A few times in the past couple of weeks I’ve had discussions with people that revolved around new shooters, and bad influences. One of the huge problems you’ll find in urban areas is “thug culture.” It’s bred from lots of different things - disdain for police, rap role-models, and of course, video games.
It seems like just one of those factors feeds the flames of the others and so on and so forth to the point where … well … ridiculousness ensues. Now what we have is firearms being portrayed to young kids in a completely unrealistic light with no basis in reality.
For people who do respect guns and gun ownership, that’s a tough hill to climb - teaching new shooters with impressionable young minds while battling this kind of thug romanticism.
As if rap videos aren’t enough, there are video games out there that glorify disrespect and the thug culture. Now it’s cool to be an uneducated, drug-dealing, gang-banging murderer. Meanwhile the rap stars who promote that lifestyle with so much bling on screen are living their high life in security while their fans who many times are really living in bad neighborhoods where the sound of shots going off is a nightly occurrence are trying to emulate them without the multi-million dollar contracts.
Have a look at this - a screenshot from a game called “Saint’s Row”:
It’s almost comical, really. How hard is it to train a kid to respect firearms if he’s playing games like this every night with his friends?

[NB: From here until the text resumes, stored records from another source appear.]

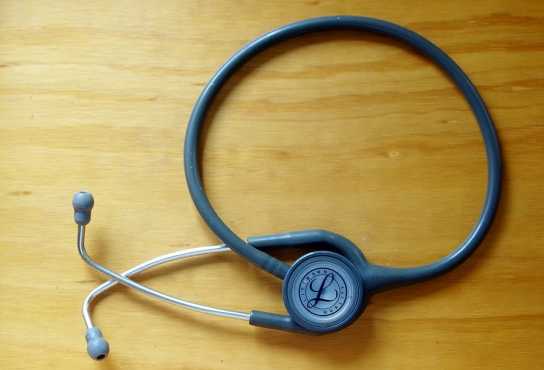 Stethoscope, Littmann,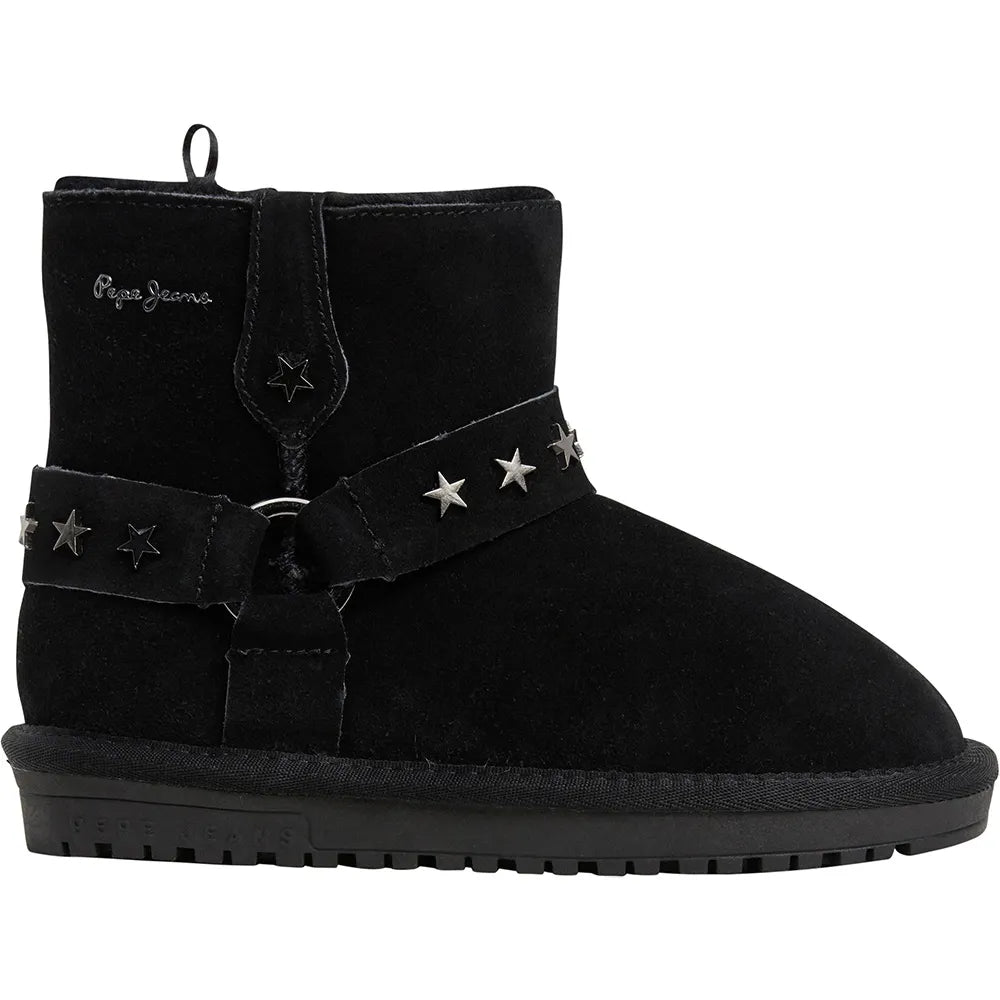 Pepe jeans Diss Star boots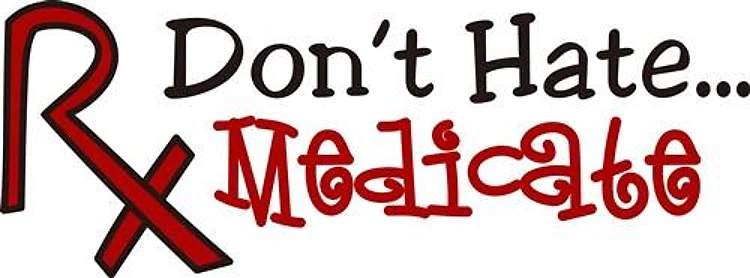 Medicate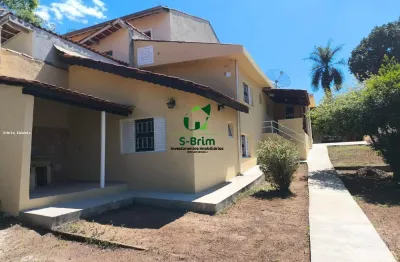 Casa com 3 quartos à venda no Rosário, Atibaia 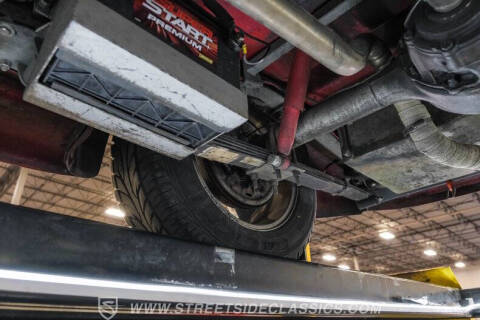 1937 Chevrolet Master Deluxe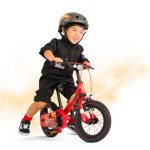 3歳子ども自転車にカーズ自転車はおすすめ？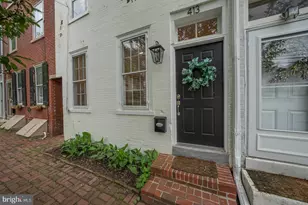 413 N New St, West Chester, PA 19380 - Photo 1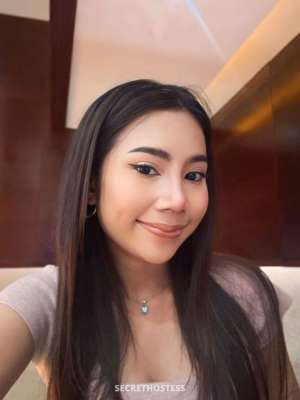 20 year old Asian Escort in Jakarta Jesica, escort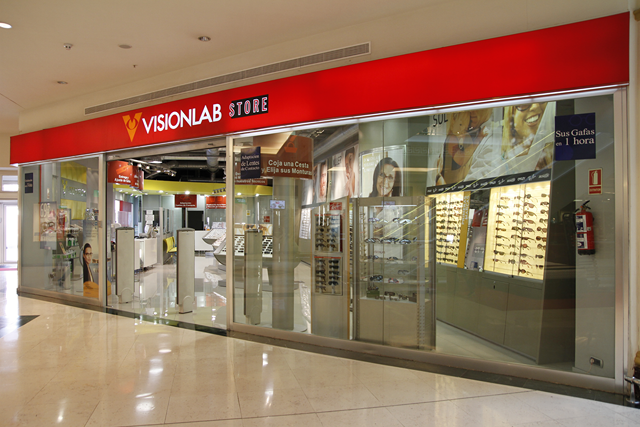 Visionlab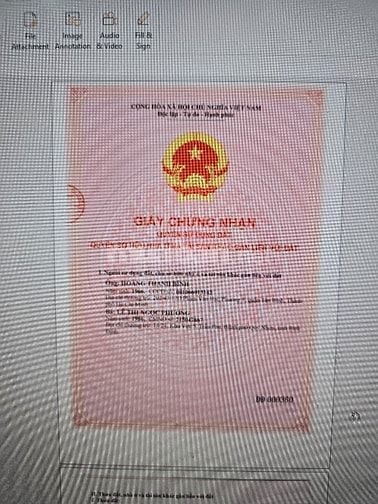 Bán gấp Biệt Thự Phường Phú Mỹ Quận 7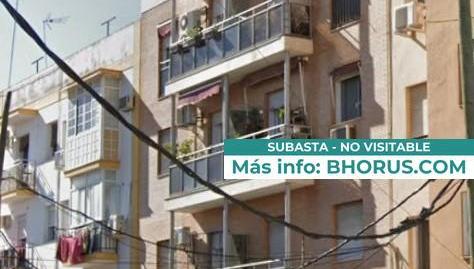 Photo 3 of Flat for sale in Vicente Aleixandre, 4, Barrio Bajo, San Juan de Aznalfarache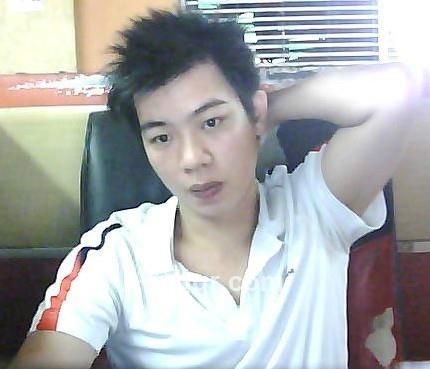 我愿做你的情侣的头像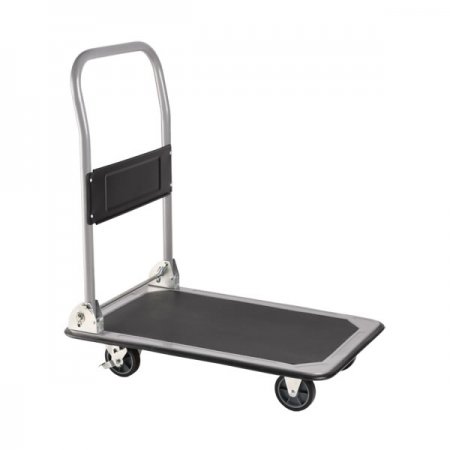 Folding Platform Cart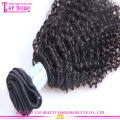 Wholesale cheap kinky curly virgin hair 8A grade high quality afro kinky hair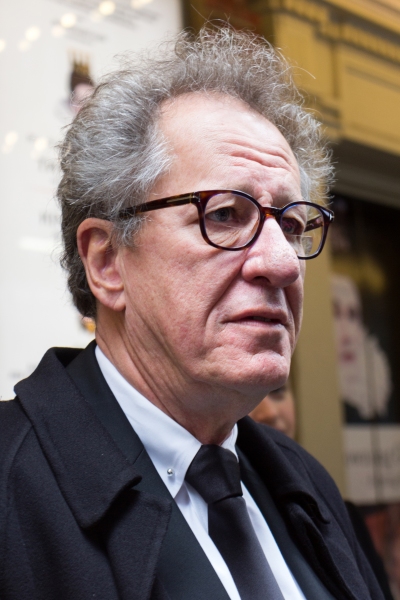 Photo Coverage: Inside Opening Night Theatre Arrivals at RICHARD III Image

And let me state unequivocally here - I’m a gamer. I’ve played Grand Theft Auto, GTA III, Vice City. I grew up with an Atari 2600, cutting my teeth on Pitfall and Combat. I’ve spent hundreds and hundreds of hours with various incarnations of that pudgy little Italian plumber in the overalls, and likewise hundreds running around the land of Zelda.
But these games out now … they’re a little different. Have another look - this one is GTA San Andreas:
Shootouts in the streets, guns being held sideways, drive-by shootings. I’m not going to eviscerate the video game companies for putting these games out (I wish they spent as much time on quality as they did on making a fast buck through shocking screenshots and programming for thugs), and certainly censorship isn’t the answer.
All games come with a rating system, and many like this are rated “M for Mature”. Thing is, you’ve got ignorant parents getting out and buying games like this for their kids without knowing a thing about video games, the content, or anything their child is interested in.
Do these games contribute to a violent society? No, I don’t think so. If you had a game called, “Virtual Church Pastor” where you had to run through a bad neighborhood and get people to stop killing each other, the game wouldn’t make any money. If you played a corrupt Pastor who operated a secret stripper club in the back of his Church who’s objective it was to con as many religious sheep as possible out of all of their money so you could buy more expensive hookers and cars, well you’d have a hit on your hands.
All this comes back full circle to teaching new shooters. How do you do it when this is their only influence and only interaction with firearms. There are kids out there who aren’t teenagers who can identify on sight any one of a dozen different handguns … but they’ve never touched one.
One last screenshot just to drive the point home:
Mercifully, it looks like this collaborative game featuring Snoop Dogg is not going to be made. But look at the screenshot. Two thugs gunning it out at close range in the front yard of a neighborhood, holding guns sideways, with a child’s toy in the yard. I don’t want to sound like a stuffy old guy, but seriously … this is a bad influence. Not because it turns gaming kids into killers - I don’t think there’s enough evidence to that effect - but because it indoctrinates them with a romantic sense of gang-banging and makes it nearly impossible to de-program them.
Take a kid growing up with games like these to the range, and he’ll hold the pistol sideways thinking he could actually hit something by looking cool. It’s sad, because it makes proper education so damn hard.